Syed Shabbar Zaidi, former chairman of the Federal Board of Revenue, provided another topic for debate on Friday after he said that students qualified under the Cambridge system dominate all the fields in Pakistan.
“We are creating four classes. Uneducated 20 million; Madrassas 7 to 8 million, Metric System 15 million; Cambridge 46000. Pakistan is for these 46,000 students. In all fields,” he wrote on X, formerly known as Twitter.
He also compared the Cambridge system students in Pakistan to those of India which has a population of 1.48 billion while the Cambridge system in the neighbouring country is lower compared to its humongous population.
“46,000 student qualified under Cambridge system in Pakistan in 2023. In India the number is only 68,000,” Zaidi added.
However, most people who responded disagreed with his views that Pakistan’s professions are dominated by the system which is believed to be affordable only for elites.

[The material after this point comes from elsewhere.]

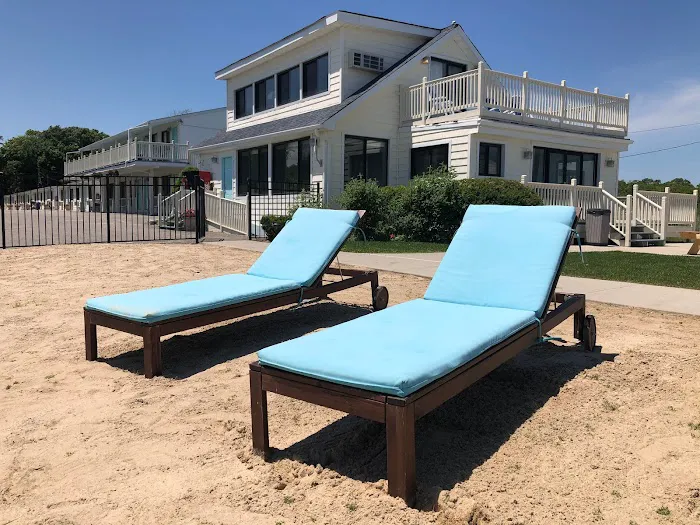 Bayview Resort 4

They were of the view that most of the graduates of the Cambridge system leave the country to explore better opportunities in foreign countries as soon as they complete their education.
Some of them claimed that people from the metric system join the armed forces, attempt competitive examinations or choose medical and engineering professions in the country.

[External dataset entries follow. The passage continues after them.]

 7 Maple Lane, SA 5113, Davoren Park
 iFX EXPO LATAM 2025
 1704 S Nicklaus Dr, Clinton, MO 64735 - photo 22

The multiple educational systems and their integration have been a centre of discussion for several decades in the country, with the former government of Pakistan Tehreek-e-Insaf showing its desire to implement a single national curriculum in 2020.
Former prime minister Imran Khan in August 2021 rolled out the single national curriculum aimed at bringing a uniform system of education to the country, Arab News reported.
Khan had been saying that he would recast the education system to ensure that private and public schools and religious seminaries followed a uniform curriculum. The aim, as the education ministry argued, was a system under which “all children have a fair and equal opportunity to receive high quality education.”